I want to share Bloomberg's article about free speech in the Wall Street Journal.
Republican Censorship Goes for Woke
Ron DeSantis’s efforts
to control educational and corporate speech are no better than the left’s.
By
Republicans often rightly complain that college campuses are hostile to the
free exchange of ideas. Speakers over the past decade have regularly been
disinvited, shouted down and even physically attacked by student activists
unwilling to entertain different ideas and perspectives. This behavior is
anathema to a university’s mission and deeply damaging to our nation.

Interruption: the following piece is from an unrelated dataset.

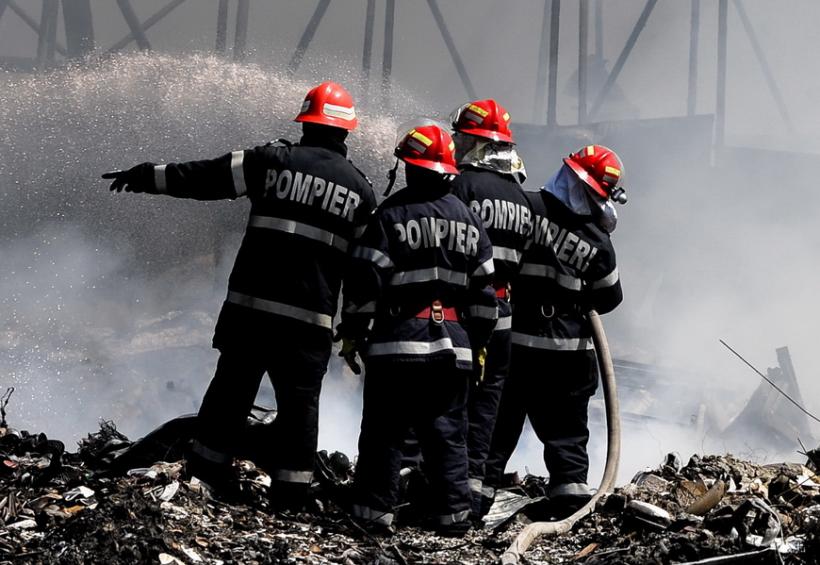 Un incendiu din Gorj a ucis o femeie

Unfortunately, instead of taking a
principled stand for free speech, many Republicans are now saying: “If you
can’t beat ’em, join ’em.”
Consider Florida Gov. Ron DeSantis, who signed a bill that as
of July 1 bars professors from expressing any view in a classroom that
“espouses, promotes, [or] advances” anything that could make students feel
guilty about history, as it relates to race and gender. The bill is known as
the Stop Woke Act, short for Stop Wrongs to Our Kids and Employees, and its
principal target is critical race theory, which has become a bugaboo on the
right and is divisive on the left.
Free inquiry and discourse—including professing ideas and beliefs—lie
at the heart of higher education and democratic society. In both the sciences
and humanities, rigorous debates based on facts, data and reason allow ideas
and theories to be evaluated and amended, adopted and discarded, in ways that
promote understanding, advance knowledge and teach responsible citizenship.
Yet Florida’s law abandons this ideal by seeking to proscribe what
professors can say on particular topics. Universities could be held liable, for
example, if a professor expresses support for affirmative action. Remember when
Republicans believed in limiting tort laws, rather than expanding them?
The law also applies to companies, as though government should be
micromanaging the curriculum of diversity-and-inclusion programs. Similar
liability laws have made their way through Republican legislatures in Idaho,
Iowa and North Dakota this year, with more potentially on the way. What
happened to Republican support for free enterprise?
The way to address controversial theories isn’t by banning
professors or business leaders from espousing them to students and workers—after
all, government censorship of ideas often helps them gain popularity. Instead,
it’s to allow citizens to give them a free airing, where they can be openly
debated. That’s the American way, and the future of the country rests in no
small part on the commitment of higher-education leaders to defending it.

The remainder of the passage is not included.